::: Provided information

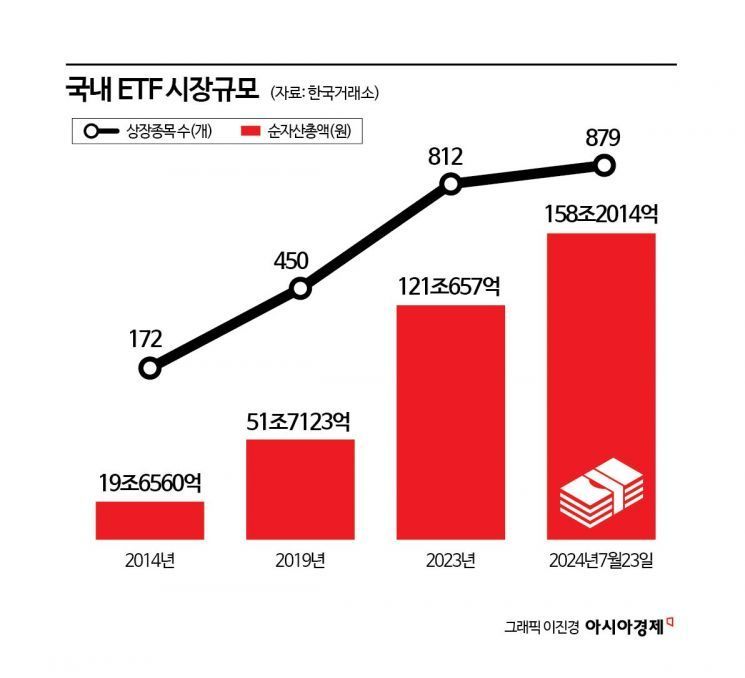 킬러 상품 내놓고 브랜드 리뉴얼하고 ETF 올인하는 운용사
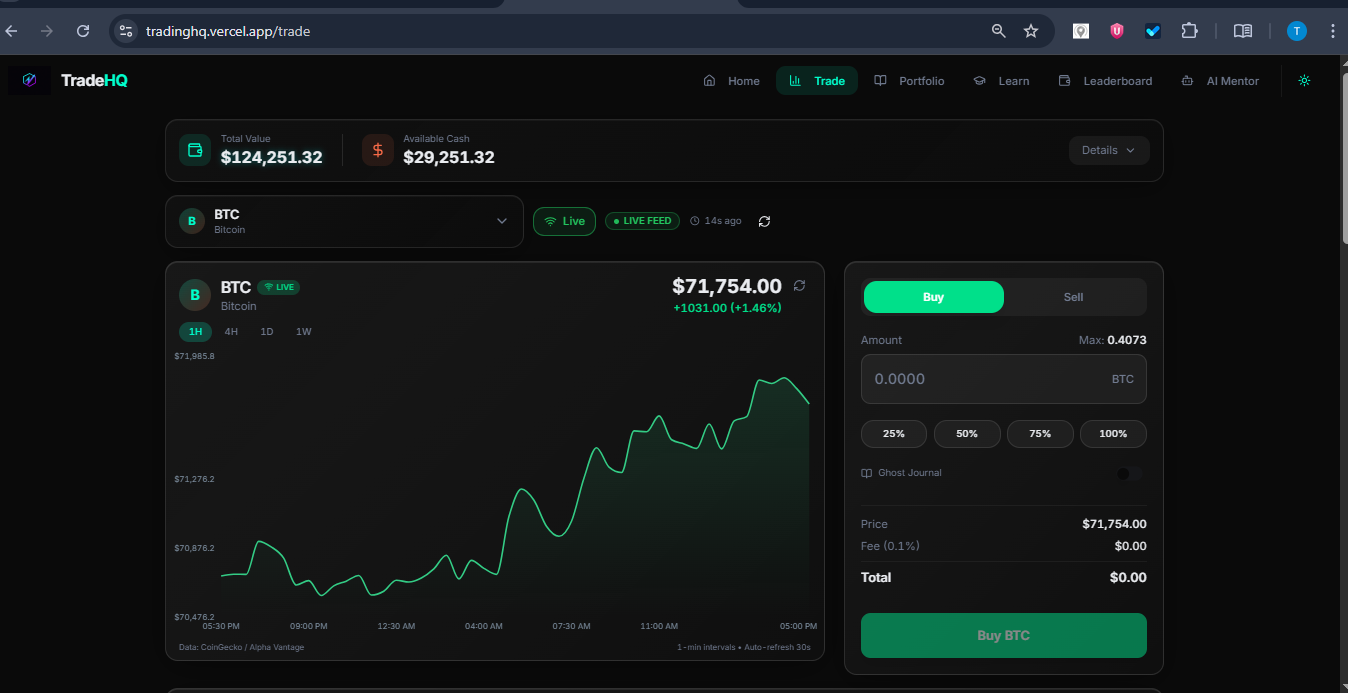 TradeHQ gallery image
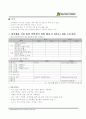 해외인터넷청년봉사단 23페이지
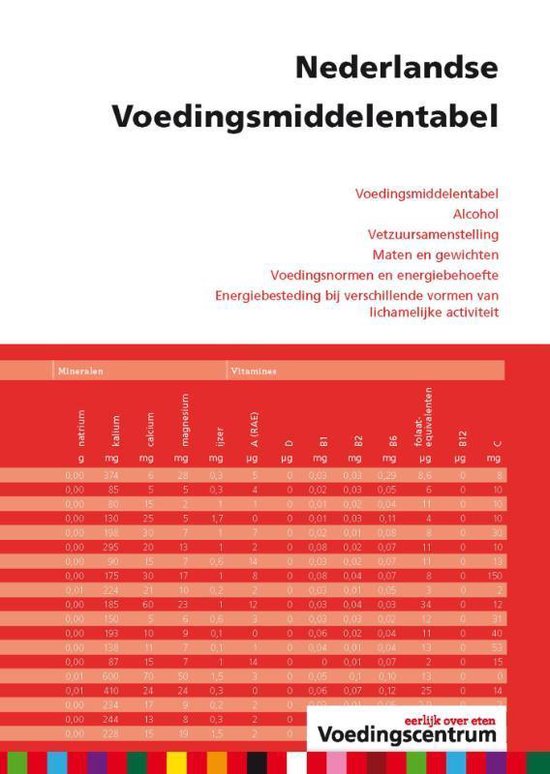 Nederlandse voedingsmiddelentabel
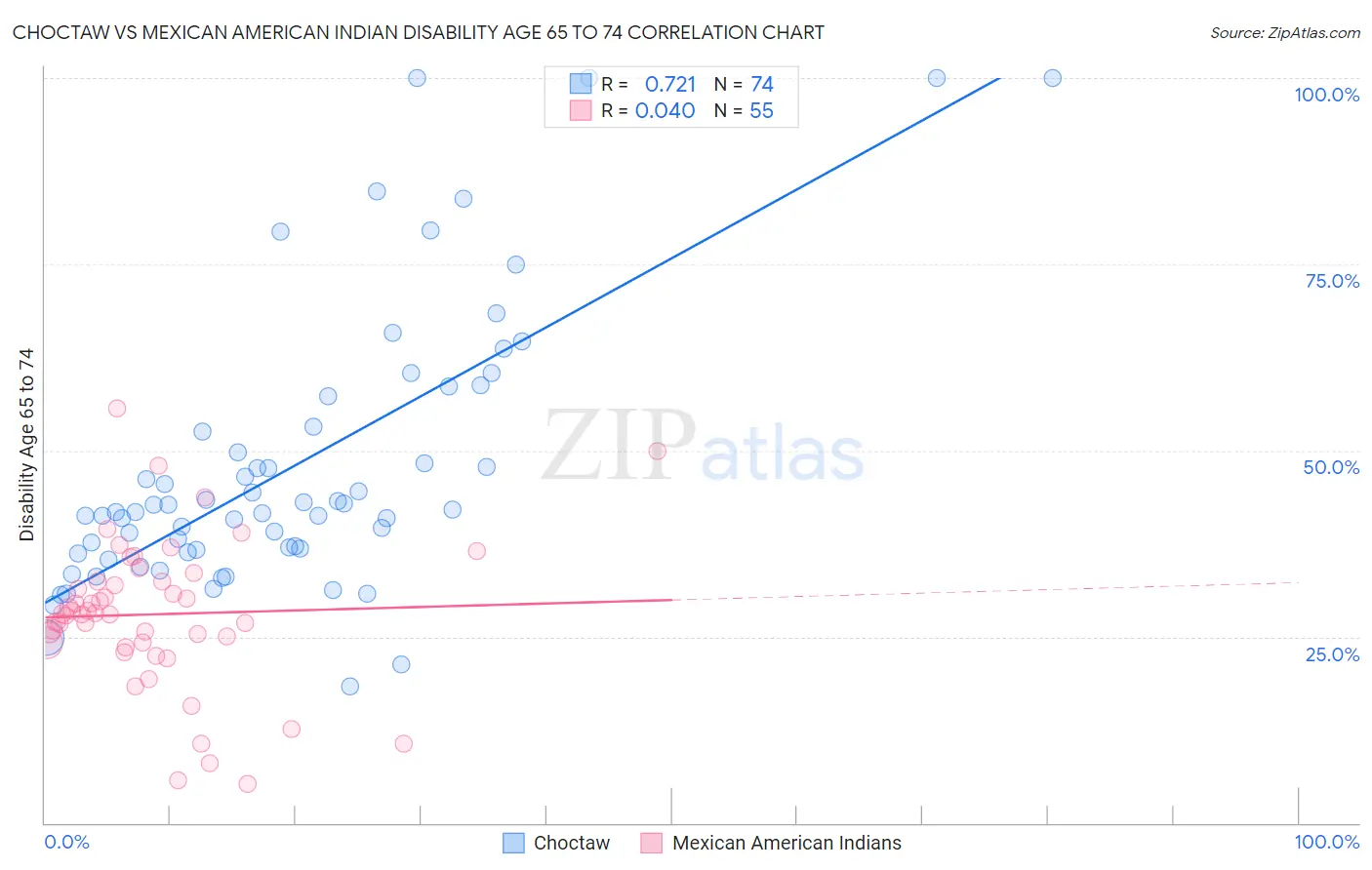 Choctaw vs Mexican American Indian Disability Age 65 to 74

::::::

__Assigned task__: Reproduce every record exactly; images stay out.

__Problem solution__:
 킬러 상품 내놓고 브랜드 리뉴얼하고 ETF 올인하는 운용사
 TradeHQ gallery image
 해외인터넷청년봉사단 23페이지
 Nederlandse voedingsmiddelentabel
 Choctaw vs Mexican American Indian Disability Age 65 to 74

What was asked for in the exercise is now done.